• [Your assignment]:
This calls for a word-for-word copy of all the data, with each picture removed.

• [Data under study]:
····················

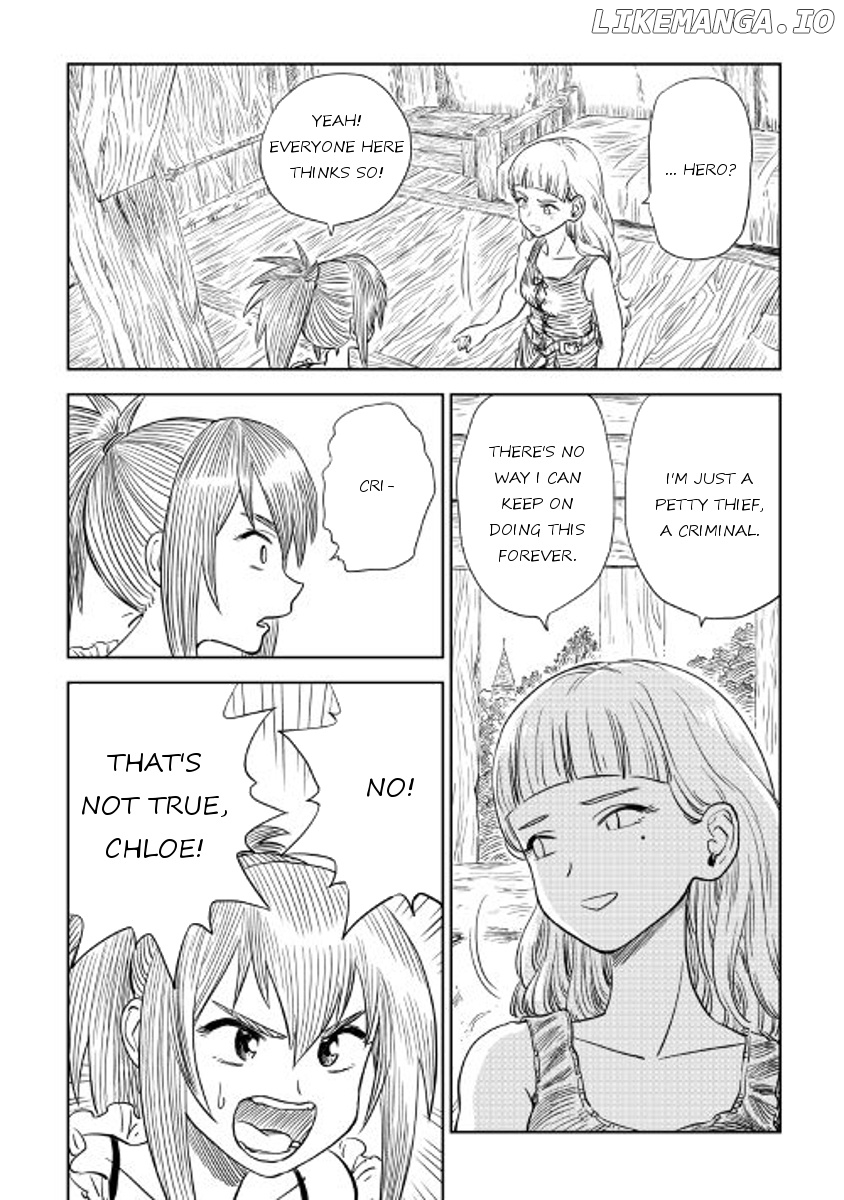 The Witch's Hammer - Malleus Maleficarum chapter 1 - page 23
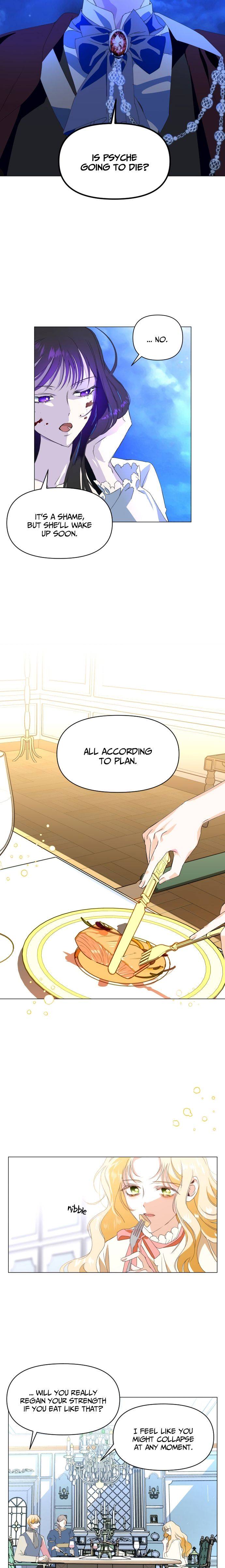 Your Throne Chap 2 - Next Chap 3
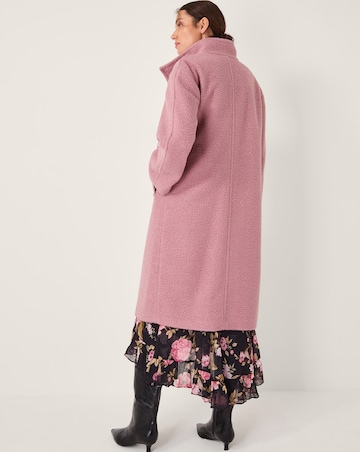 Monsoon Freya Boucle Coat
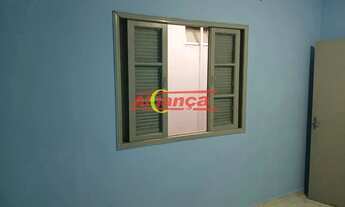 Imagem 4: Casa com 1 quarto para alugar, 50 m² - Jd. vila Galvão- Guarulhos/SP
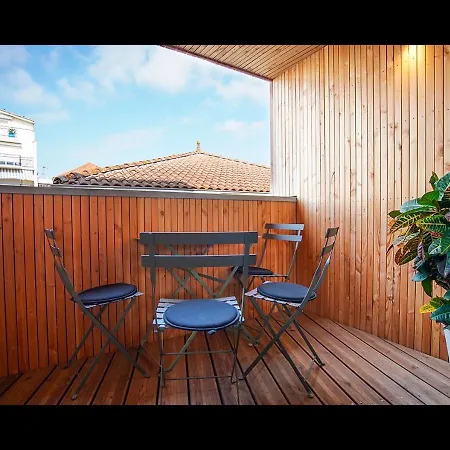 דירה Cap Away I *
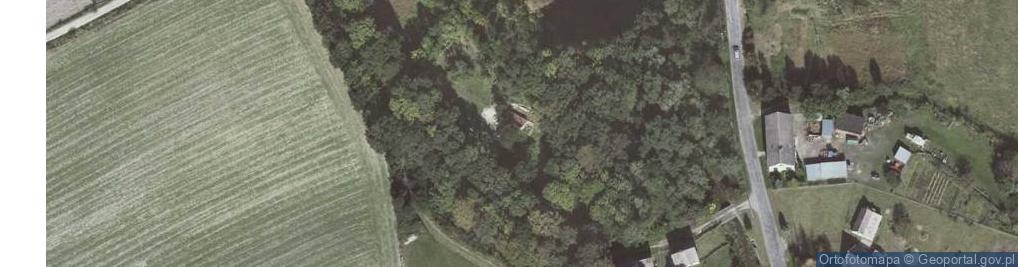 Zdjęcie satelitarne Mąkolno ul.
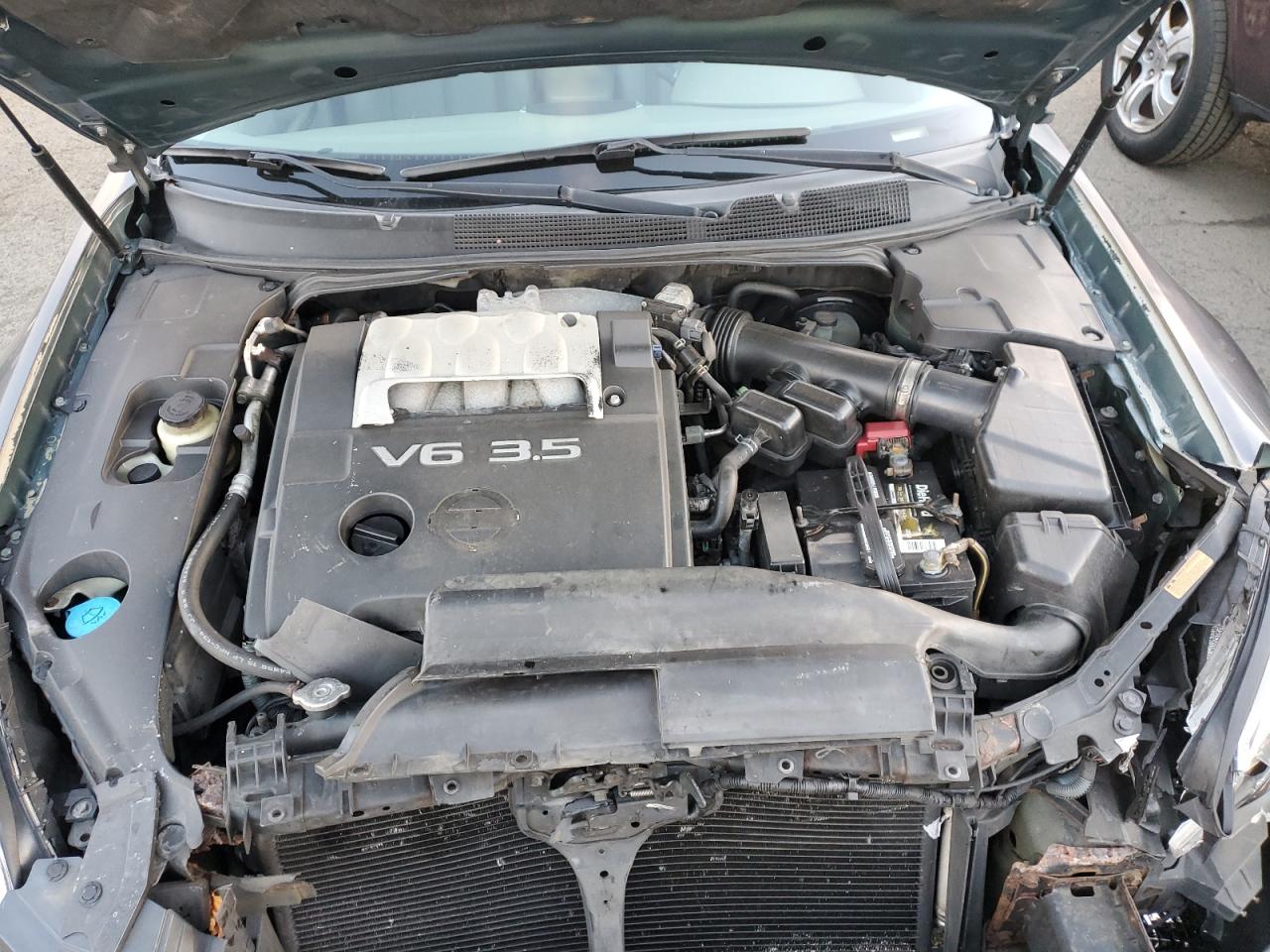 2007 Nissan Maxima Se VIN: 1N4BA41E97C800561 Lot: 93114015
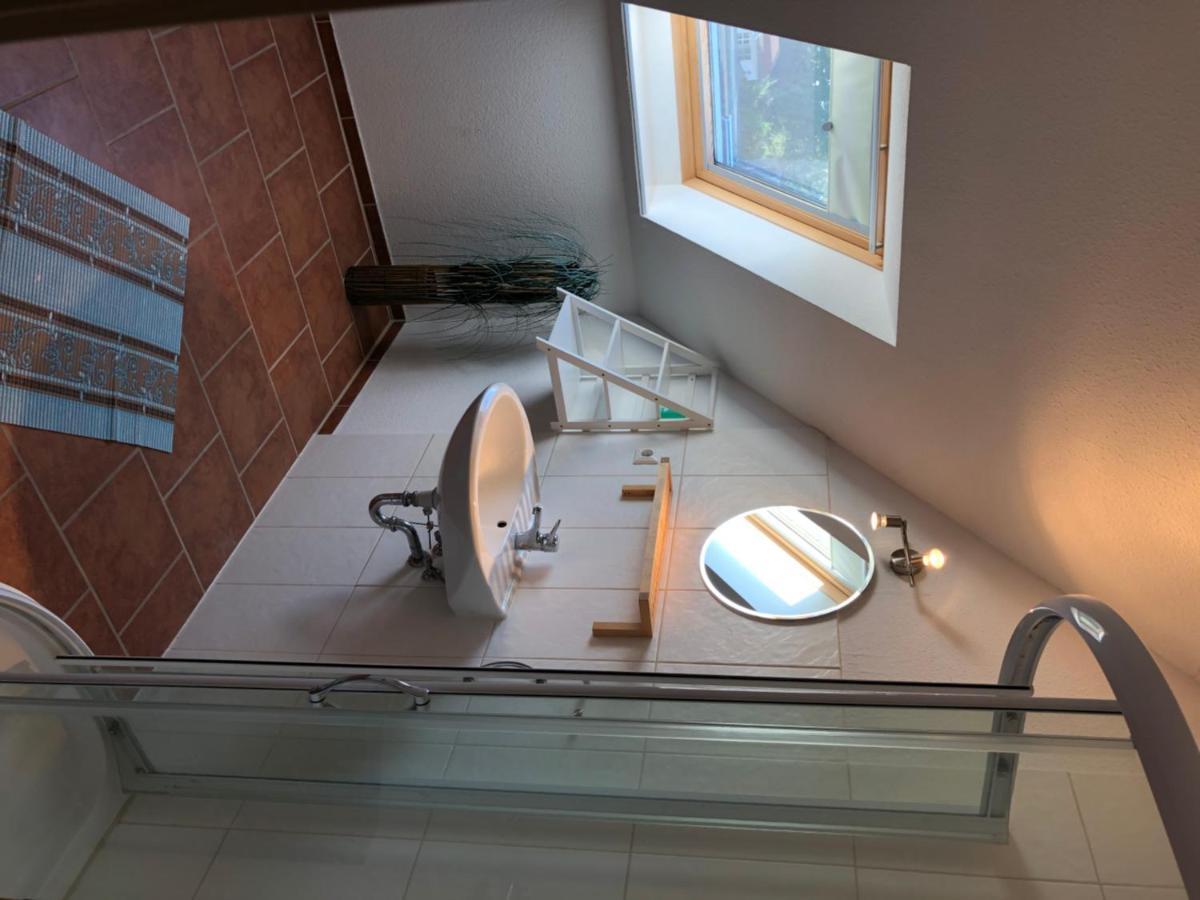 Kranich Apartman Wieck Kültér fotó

····················

• [Problem solution]:
 The Witch's Hammer - Malleus Maleficarum chapter 1 - page 23
 Your Throne Chap 2 - Next Chap 3
 Monsoon Freya Boucle Coat
 Imagem 4: Casa com 1 quarto para alugar, 50 m² - Jd. vila Galvão- Guarulhos/SP
 דירה Cap Away I *
 Zdjęcie satelitarne Mąkolno ul.
 2007 Nissan Maxima Se VIN: 1N4BA41E97C800561 Lot: 93114015
 Kranich Apartman Wieck Kültér fotó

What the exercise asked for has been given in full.